Anita, the Rwandan trainer, echoed Mehdi with concrete examples of what usually happens in the Rwandan criminal justice system, noting the most pressing challenges requiring immediate action. Both gave keys to open doors of creativity and innovation in finding solutions to problems. Most importantly, several participants came to me at the end of the day telling me that, through the training, they had been aided in realizing that that the answers were in their own hands.

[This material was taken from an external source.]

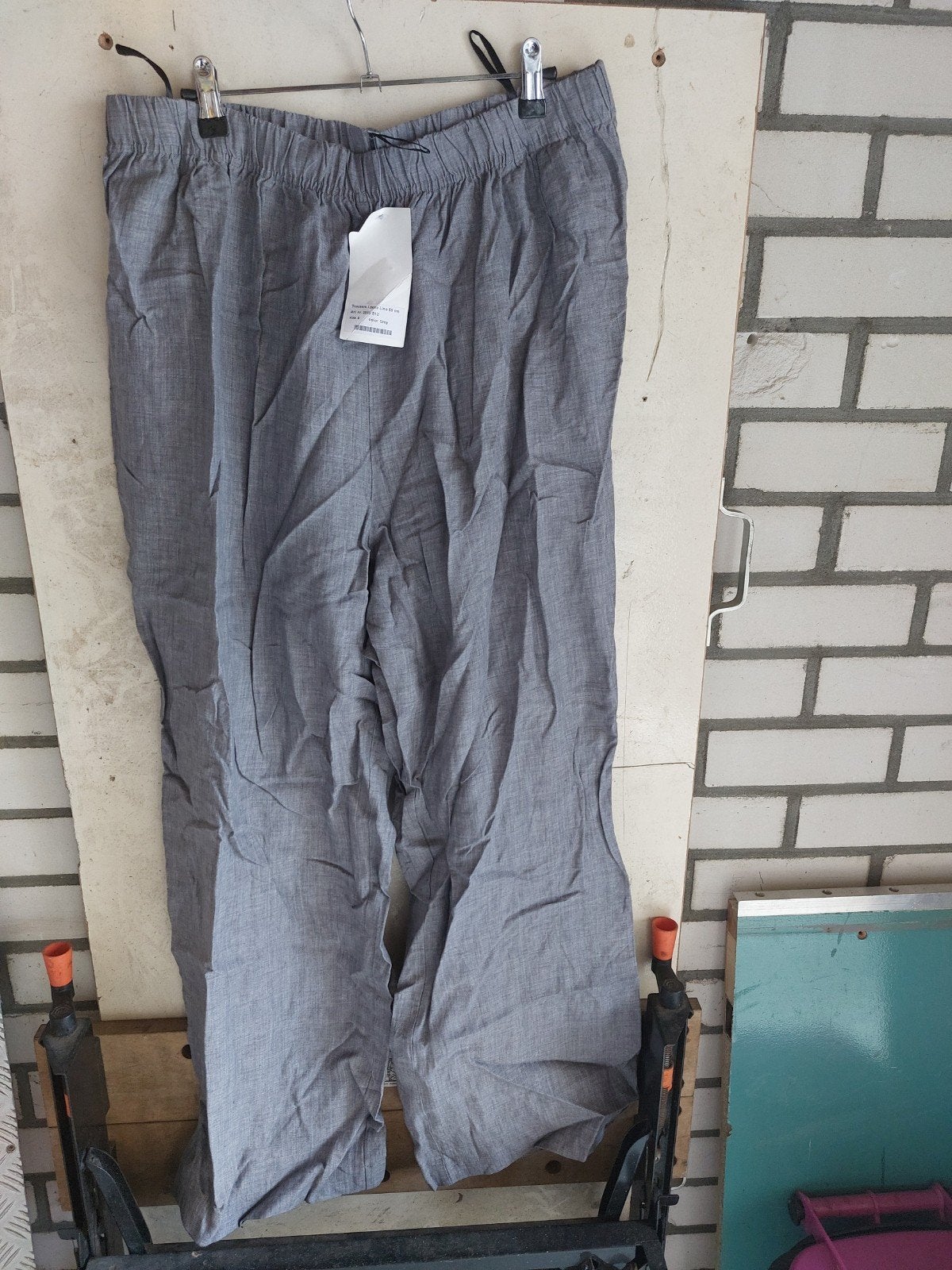 broeken in 50 52 en 54 van twister sempre pui samm etam, Ophalen of Verzenden, Zo goed als nieuw, Broek of Spijkerbroek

The participants were extraordinarily participatory. On the first day, 54 attorneys joined us. The second day saw a significant rise in the number of participants, ending the day with more than 74 lawyers in the audience. During the legal cartoon and ‘sharing your values’ exercises, the microphones did get much to rest, as everyone wanted to contribute to the foundation of a fairer criminal justice system in Rwanda. The dedication of these Rwandan lawyers is remarkable: on the first day, a women attorney whispered to me apologies for getting in and out of the conference room constantly. She explained that she been leaving to breastfeed her newborn baby in the car in the Mille Collines Hotel parking lot. Another participant explained me that he had to travel over 200 kilometers back and forth to get to the training. Further, these lawyers are overwhelmed with cases, some of them dealing with more than 100 cases at any given moment.
A real synergy emerged between the trainers, the rest of the IBJ team, the participants, and the representatives of the Kigali Bar Association, a close partner of IBJ in Rwanda. Before lunch on the last day of the training, all 74 lawyers spontaneously stood up, singing African songs with much energy and joy. At the closing ceremony, the IBJ team was loudly clamored, encouraged by the Bâttonier. Jeanne, a women defender and active participant in the mock-trial exercise, spontaneously stood up, took the microphone and explained how happy she and her colleagues were about the training and how useful it will be for their day-to-day practice.
Many advocates came to us asking for ways to be involved with IBJ activities, both in Rwanda and worldwide, namely how to support our mission and volunteer their time and expertise. As a response to this demand, a Criminal Defense Task Force has been suggested to keep the momentum up, provide a structure to catalyze all this good will and energy, and find concrete ways to set up a viable legal aid system in the country, especially in the provinces where the overwhelming majority of the population is defenseless.
I will personally never forget the faces of hope, courage, and determination that I came across during these three intensely human days of my life. Murakoze cane.